Which brings with it an element of burden. I enter the farm cooler, where stacks of zucchini, carrots and beet bins stare me down, and just keep growing. I open my freezer at home and stuff in whatever’s next, crunched in upon the bags and bags of wonderful tomatoes, frozen until we finally find the time to make sauce and can. I watch the limbs on Farmshed’s plum trees sagging with the weight of thousands of ripe fruits. I know that they will ripen and they will overripen, with no concern whatsoever for our sense of timing, schedule or convenience. Therein lies the burden of the bounty.
I got home on Saturday afternoon after market, exhausted from the day, and my 3:30 start time. There I met a couple of good friends who’d graciously agreed to assist us with our afternoon canning session. We exchanged greetings and chatted in the living room for a few minutes before getting to it: chopping onions, carrots and garlic; stemming and chopping herbs; peeling celeriac and gathering tomatoes. After an hour, we had two large stockpots full of tomatoes, heating to a boil over a bed of sautéed aromatics before simmering slowly into sauce. I strove off of the energy and enthusiasm of my friends as the evening wore on. Eventually they left, and Fanni and I got to work on our massive bag of Farmshed-fresh plums. Plums into the clean bucket; pits into the compost bucket. My fingernails sored as I worked through the first half of the massive bag.
It darkened outside. We combined the now significantly reduced sauces into the largest stockpot, prepared a water bath in the other, and continued on the plums. Fanni ran to the store to pick up lids and lemon juice, and I put the Scoober to bed. I mashed and boiled down the plums, along with some fresh anise we’d picked, into jelly. I sanitized the jars. Fanni got back, and we agreed we’d see it through until everything was canned. What choice was there? We added honey to the jelly, and prepared our lids, tongs, funnels and jars. Having been through the process before, we gathered the supplies, cleared the space and got to business.

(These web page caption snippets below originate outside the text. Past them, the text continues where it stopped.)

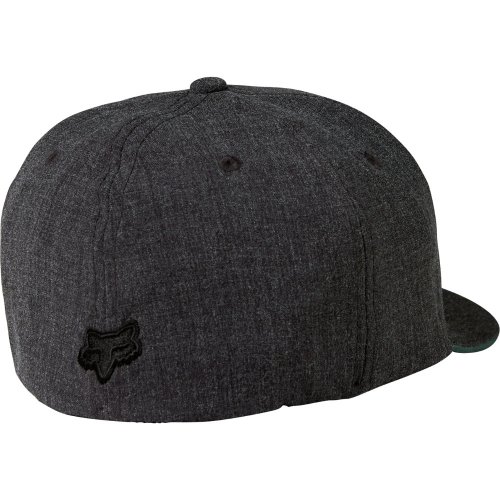 Fox Set In Flexfit Hat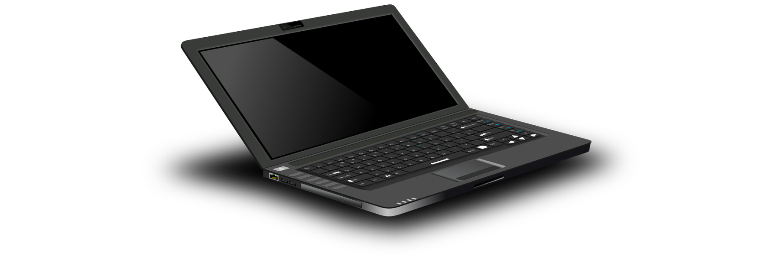 Cover image for post The Laptop, by dustygrein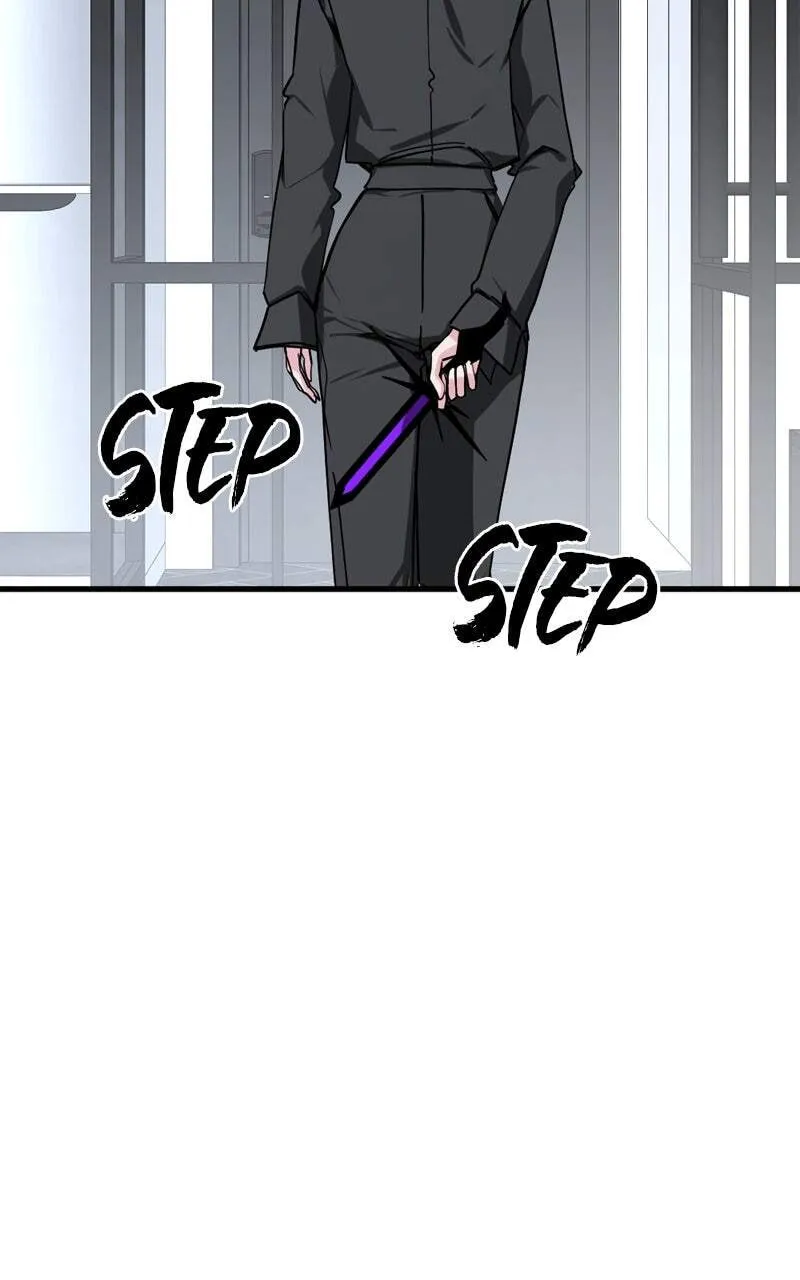 Hero Killer Chapter 206 — Page 115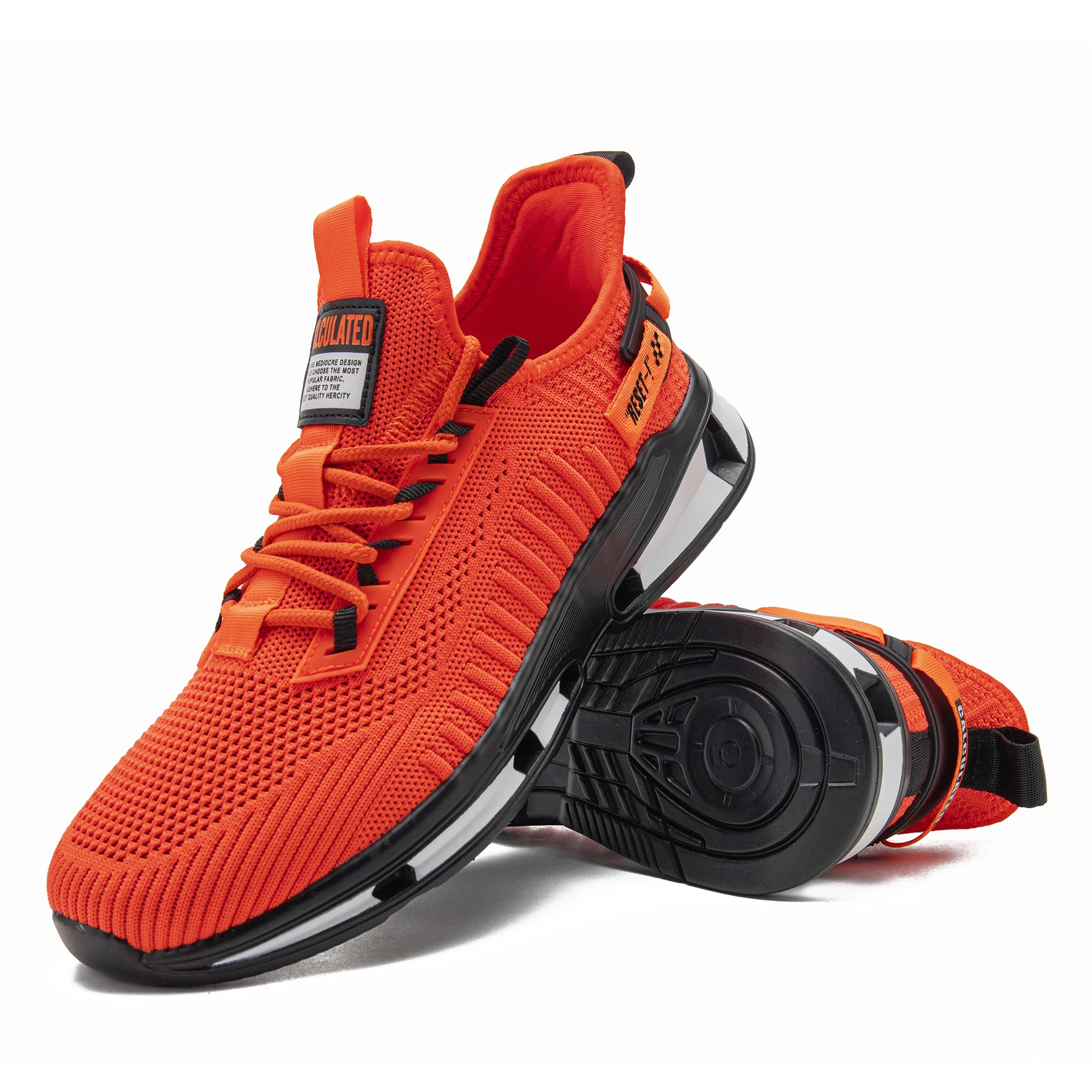 Thumbnail 4 - #13 New Walking Shoes Arrivals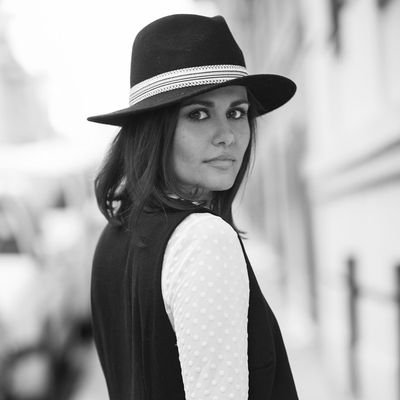 Dos pasiones: El Retail & la moda
IG Cristinaperez. realestate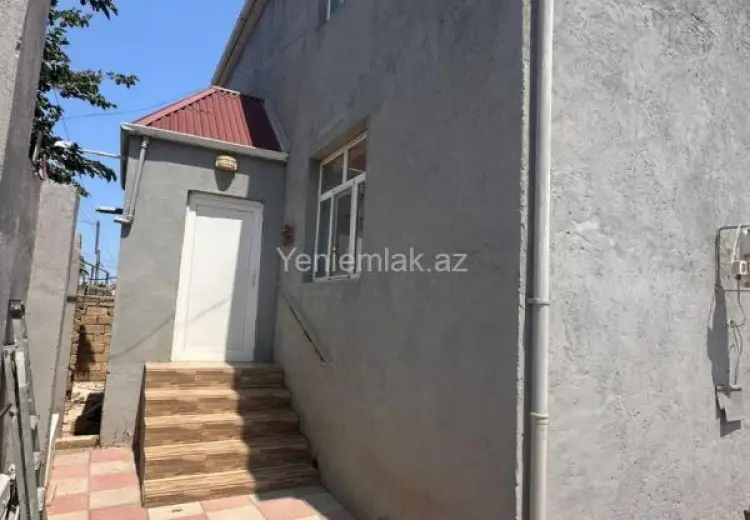 4 otaqlı mənzil Satılır, Sumqayıt
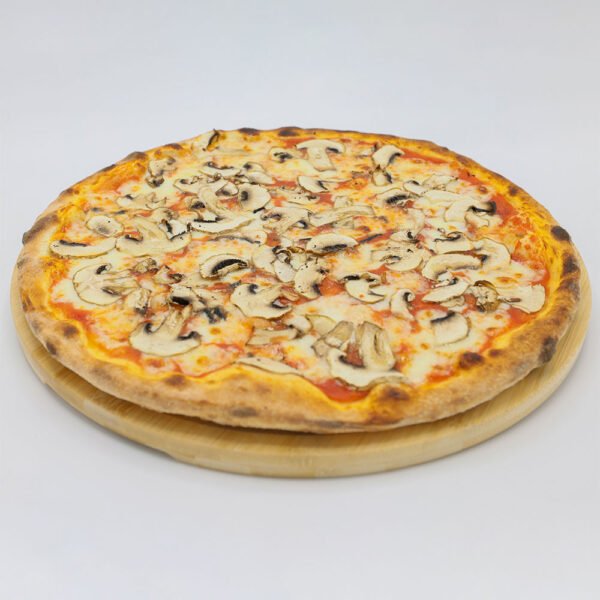 Pizza Funghi
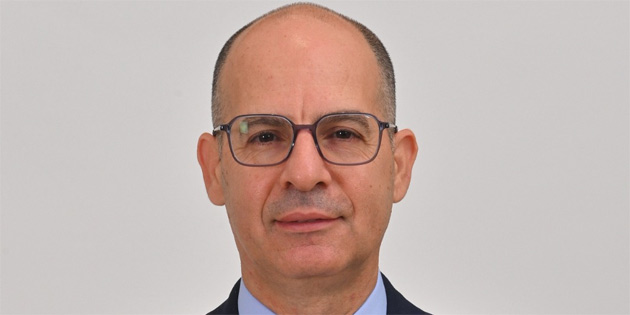 New York’ta temaslarda bulundu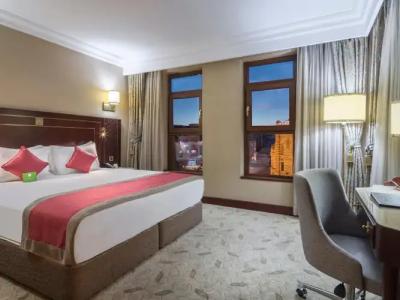 Crowne Plaza Istanbul - Old City, an IHG - 130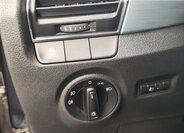 Škoda Fabia Kombi 1,2 l 81 kw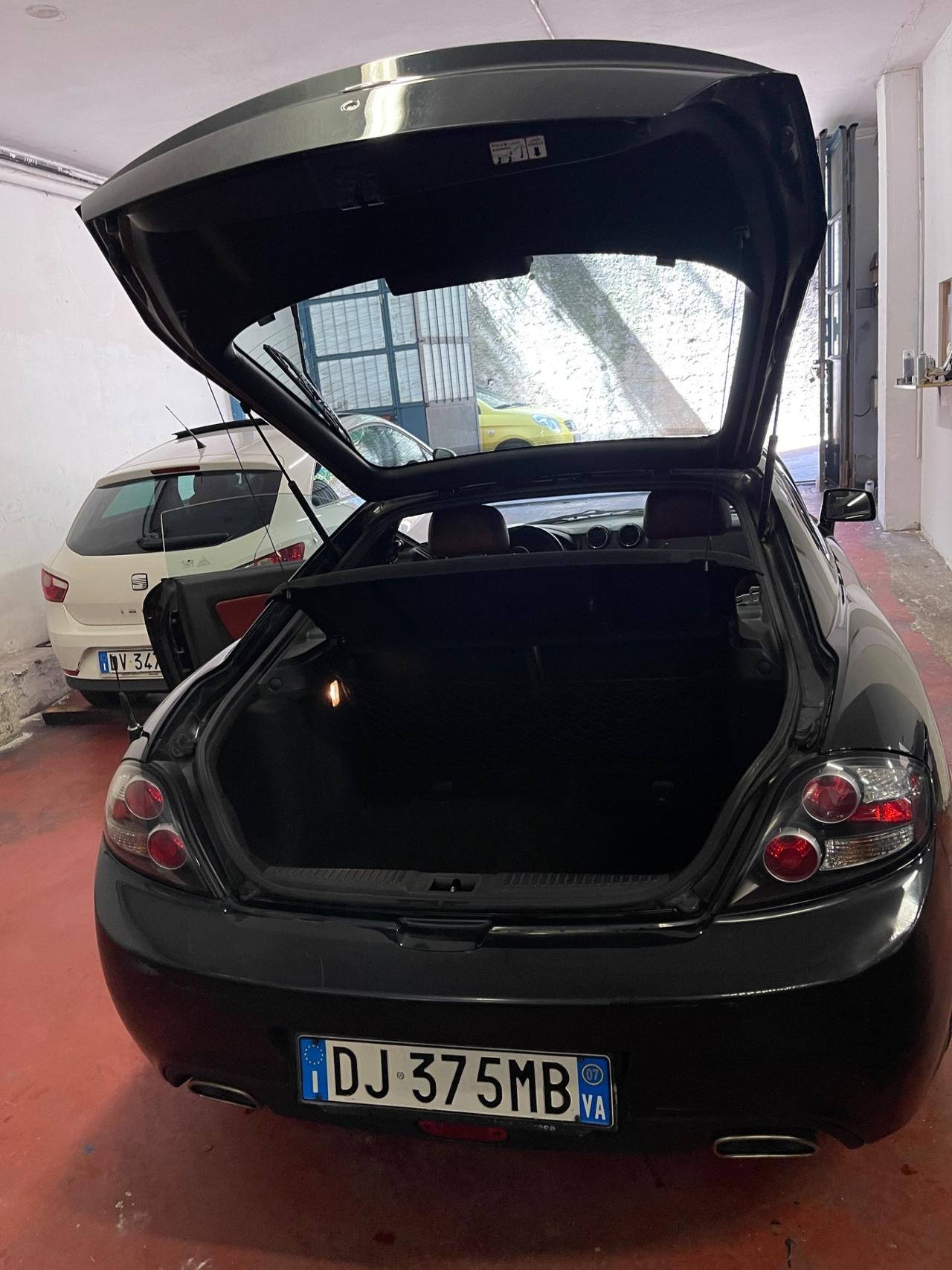 Hyundai Coupe 2.0 16V Dynamic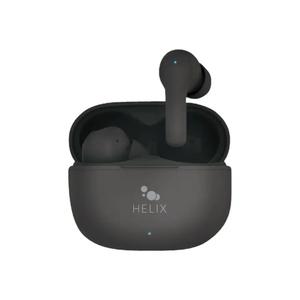 Helix TW Earbuds Black
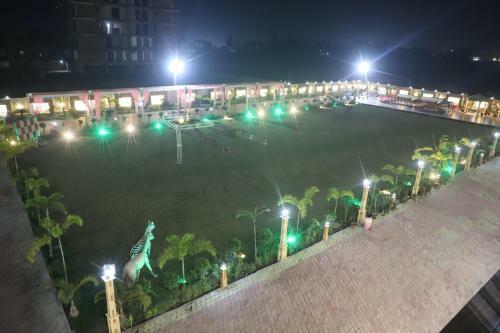 Hotel The Bodhi Palace Resort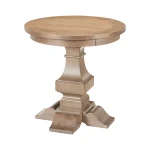 Haven Hills Round End Table - Image 2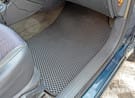 Коврики на Renault Laguna II 2001 - 2008 в Уфе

Water bath boiling in large canner. Lids heated gently in saucepan. Jars out of oven; lemon juice added. Jelly transferred to counter. Funnel, fill, wipe, lid. Funnel, fill, wipe, lid. Funnel, fill, wipe, lid. 8 jars; one batch. 10-minute processing. Transfer to table. Tong to table; tong to table… Next batch. Jars out of oven…
The jelly was the quick part. We finished up our two batches and turned our attention to the tomato sauce. It was after 11 now, and we decided it had reduced and thickened to our satisfaction. Water bath boiling in large canner. Lids heating gently in saucepan… After getting the first batch in to boil for 45 minutes, we cleaned up the space for the thousandth time and ate some supper – tomato sauce on pasta. We tidied ourselves, and did some stretching and self-care as the night wore on and our brains dimmed. The timer rang; we removed the quarts, and got our next batches going. Tong to table… Funnel, fill, wipe, lid… As soon as batch two got into the canners, we cleaned the rest of the mess, and got back to work on the second half of the plum bag. Plums to clean buckets; pits to compost. Those we decided to freeze for another day; another batch.
Our 45 minutes passed and we removed the last batches of tomato sauce from the canners, eying our bounty proudly. It was nearly 2 am. Exhaustedly, we brushed our teeth, and slowly dragged ourselves up the steps to the bedroom. 20 quarts of tomato sauce; 8 pints of jelly, and a belly of satisfaction for the winter season to come. On my way to the bathroom I passed the collection of buckets and jars fermenting in the corner of the kitchen. Out on the front porch lie our dehydrator full of plums, and piles of herbs drying for wintertime teas. It not always easy, and it’s certainly not convenient. The gratification and goodness is absolutely worth it, however, and when you choose to eat what you grow, that’s all just a part of the process.